**Your goal**
Transcribe the lines below exactly. No image belongs in the transcription.

******************************

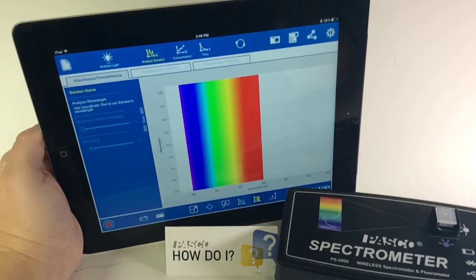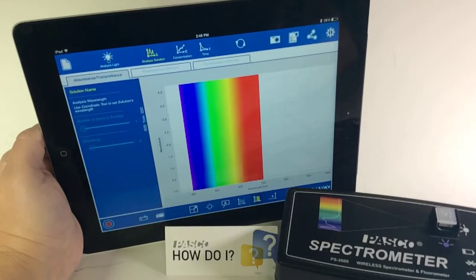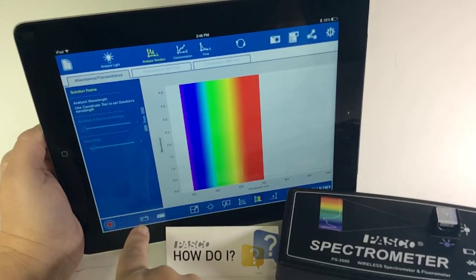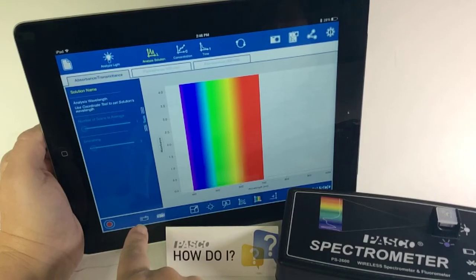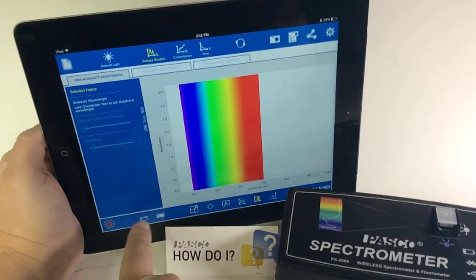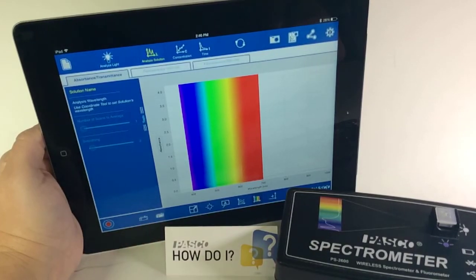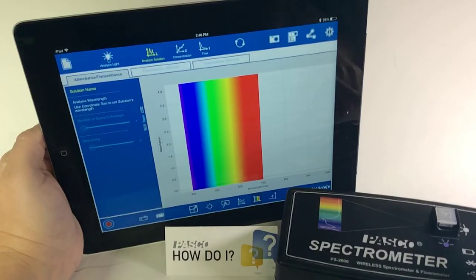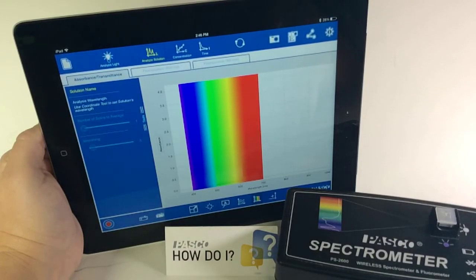In the lower left near the Data Record are two Calibrate buttons, one Calibrate Dark and one Calibrate Light. I have just a reference sample in the spectrometer right now, just some water.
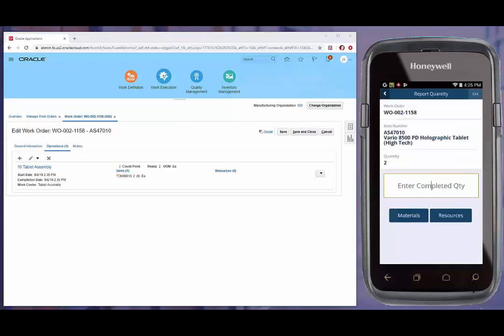The third option we have inside of the work order completion function is the ability to charge resources. To charge a resource, the user must know the resource name, quantity, and unit of measure.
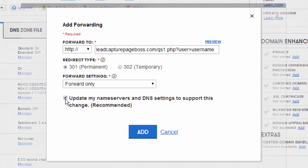Once you have that finished you'll click add and then it may take 15 to 30 minutes. Sometimes it can take as long as four hours depending on the queue of the server, but in no time at all you'll be able to use your personal domain name that will redirect to your capture page.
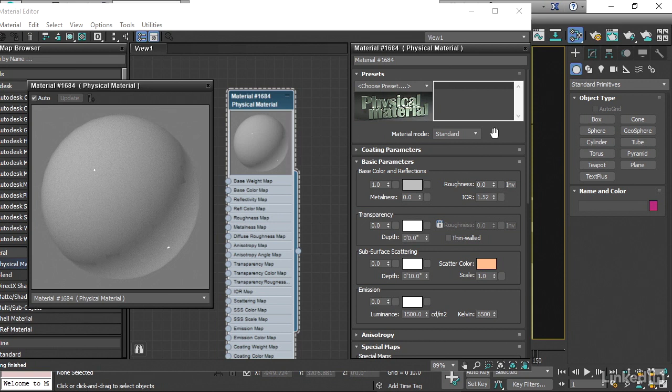The idea of the physical material is to save you time by setting certain parameters behind the scenes and only exposing ones that the Autodesk developers think that we would need to adjust. One of those parameters that's hidden is the amount of reflections. The idea here is that we can control the amount of reflection by adjusting this single slider, this single spinner here, which is the overall roughness of the surface.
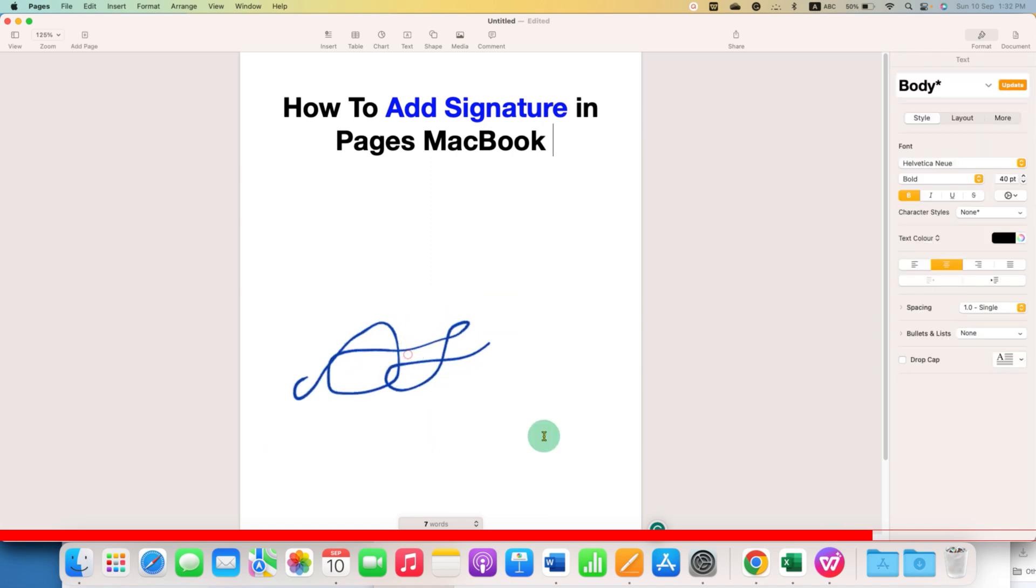In this way, you can add signature in Pages on MacBook Air or MacBook Pro.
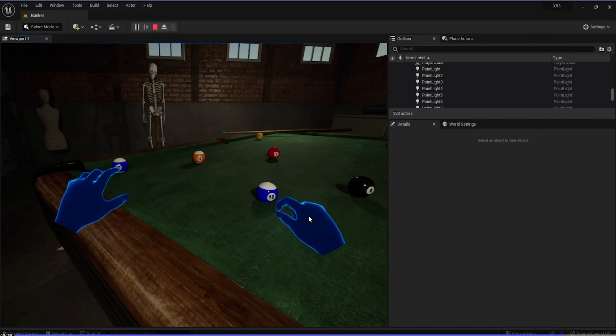Make sure that your blue color hand is exactly kind of colliding with the ball. Only then you'll be able to pick up the ball.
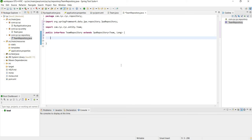The amazing thing about Spring JPA is that this is all you have to do. Once you have this entity and this interface repository, you will automatically be able to do CRUD operations to your database. We're going to end the lesson here and we'll pick up in the next one.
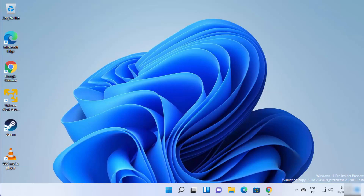Hey guys, in this video I'm going to show you how you can download and install MEmu Android emulator on your Windows 11 operating system. So let's get started and see how we can do it.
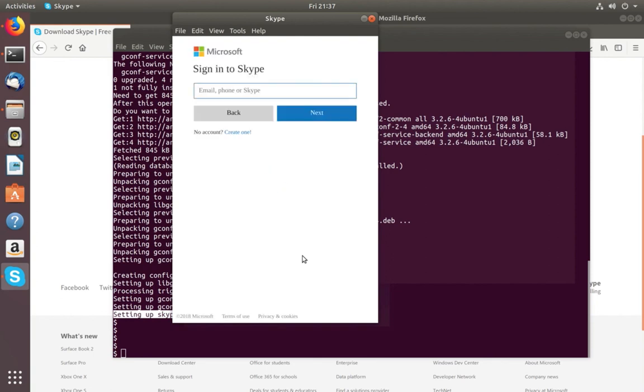Here we need to enter email, phone number, or Skype ID. So this way we can install Skype in Ubuntu. So please subscribe my channel if you like this video.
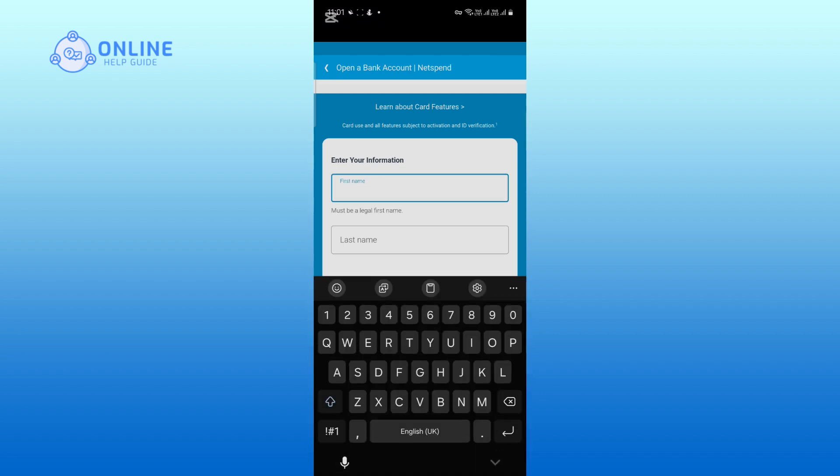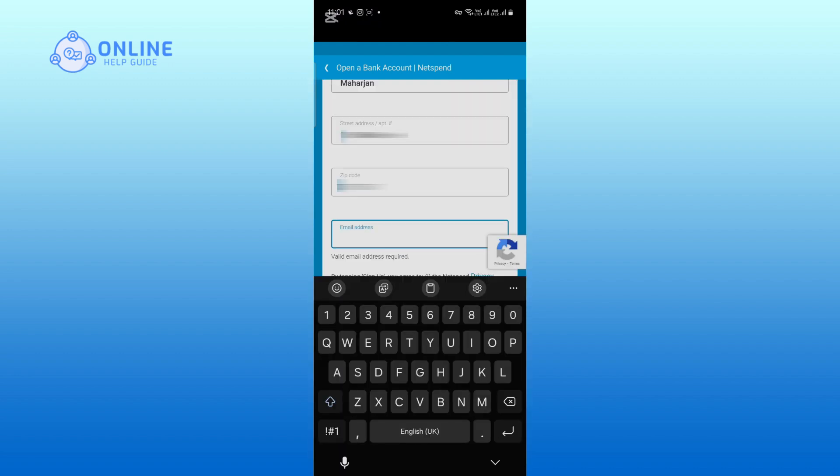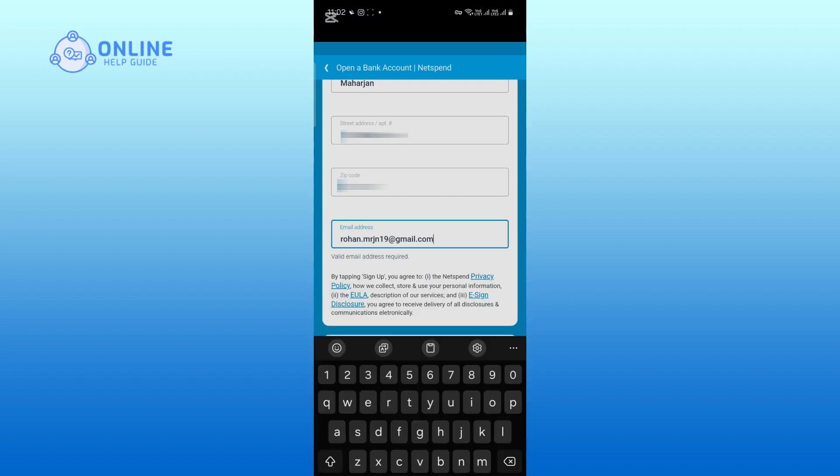Enter your first name and last name. Next, fill in your address and zip code. Now, type in your email address. Make sure to use a valid email address that you have access to.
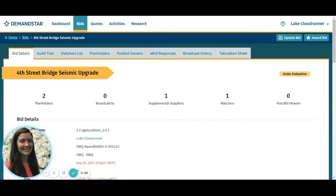Today you will see how the awards process saves time, sends notifications to your suppliers and colleagues, helps you manage bid documents, and more.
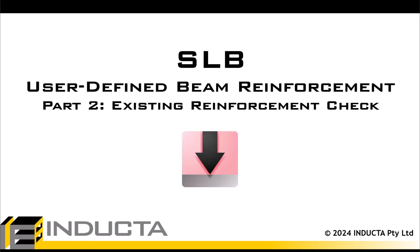This is Alex from Inductor, and we are continuing our tutorials covering the new feature User-Defined Beam Reinforcement in SLB Software.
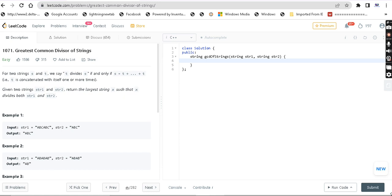Greatest common divisor of strings. For two strings S and T, we say T divides S if and only if S is equal to T plus T plus T — T concatenated with itself one or more times. Given two strings, string 1 and string 2, return the largest string X such that X divides both string 1 and string 2.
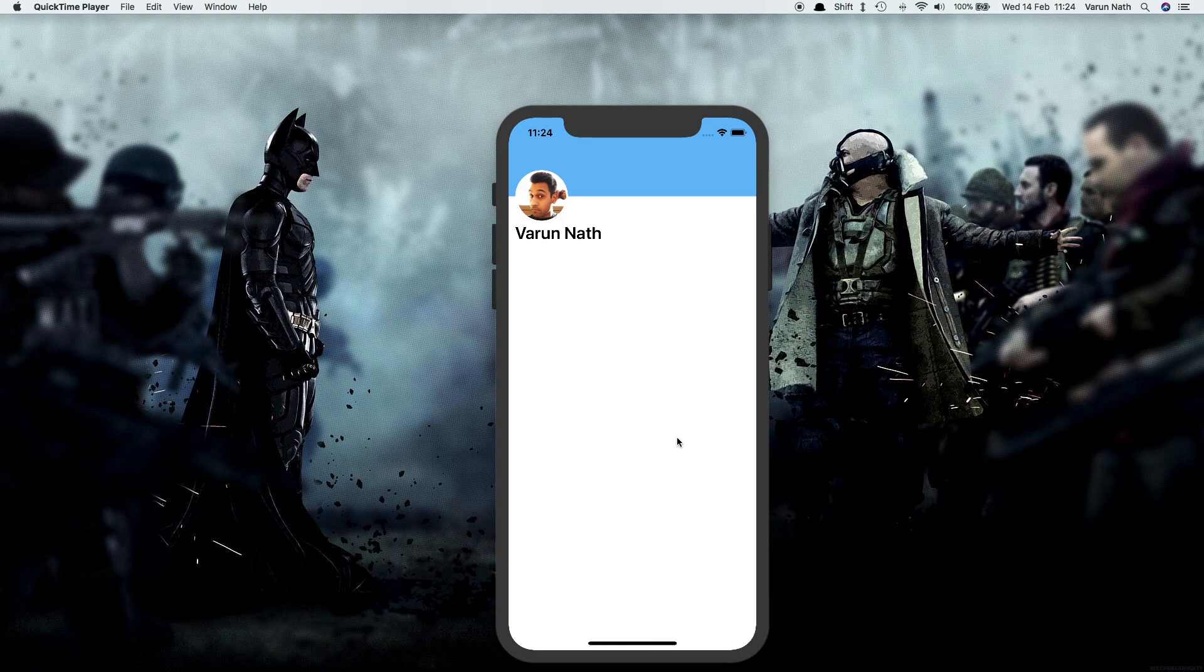Today I'll be starting a new series called the React Native Animation Series. This is the first video in that series. In this video I'll show you how to create the scrollable header which is there in the Twitter app.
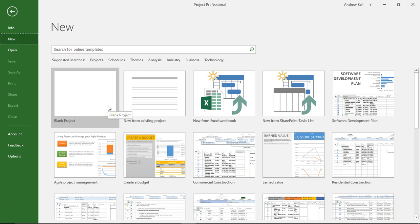Hi, it's Andrew Bell, Ablesim here. This short video clip is about the work contours that you can apply to different assignments in Microsoft Project.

******************************

**Task result**
In the lower left near the Data Record are two Calibrate buttons, one Calibrate Dark and one Calibrate Light. I have just a reference sample in the spectrometer right now, just some water.
The third option we have inside of the work order completion function is the ability to charge resources. To charge a resource, the user must know the resource name, quantity, and unit of measure.
Once you have that finished you'll click add and then it may take 15 to 30 minutes. Sometimes it can take as long as four hours depending on the queue of the server, but in no time at all you'll be able to use your personal domain name that will redirect to your capture page.
The idea of the physical material is to save you time by setting certain parameters behind the scenes and only exposing ones that the Autodesk developers think that we would need to adjust. One of those parameters that's hidden is the amount of reflections. The idea here is that we can control the amount of reflection by adjusting this single slider, this single spinner here, which is the overall roughness of the surface.
In this way, you can add signature in Pages on MacBook Air or MacBook Pro.
Make sure that your blue color hand is exactly kind of colliding with the ball. Only then you'll be able to pick up the ball.
The amazing thing about Spring JPA is that this is all you have to do. Once you have this entity and this interface repository, you will automatically be able to do CRUD operations to your database. We're going to end the lesson here and we'll pick up in the next one.
Hey guys, in this video I'm going to show you how you can download and install MEmu Android emulator on your Windows 11 operating system. So let's get started and see how we can do it.
Here we need to enter email, phone number, or Skype ID. So this way we can install Skype in Ubuntu. So please subscribe my channel if you like this video.
Enter your first name and last name. Next, fill in your address and zip code. Now, type in your email address. Make sure to use a valid email address that you have access to.
Today you will see how the awards process saves time, sends notifications to your suppliers and colleagues, helps you manage bid documents, and more.
This is Alex from Inductor, and we are continuing our tutorials covering the new feature User-Defined Beam Reinforcement in SLB Software.
Greatest common divisor of strings. For two strings S and T, we say T divides S if and only if S is equal to T plus T plus T — T concatenated with itself one or more times. Given two strings, string 1 and string 2, return the largest string X such that X divides both string 1 and string 2.
Today I'll be starting a new series called the React Native Animation Series. This is the first video in that series. In this video I'll show you how to create the scrollable header which is there in the Twitter app.
Hi, it's Andrew Bell, Ablesim here. This short video clip is about the work contours that you can apply to different assignments in Microsoft Project.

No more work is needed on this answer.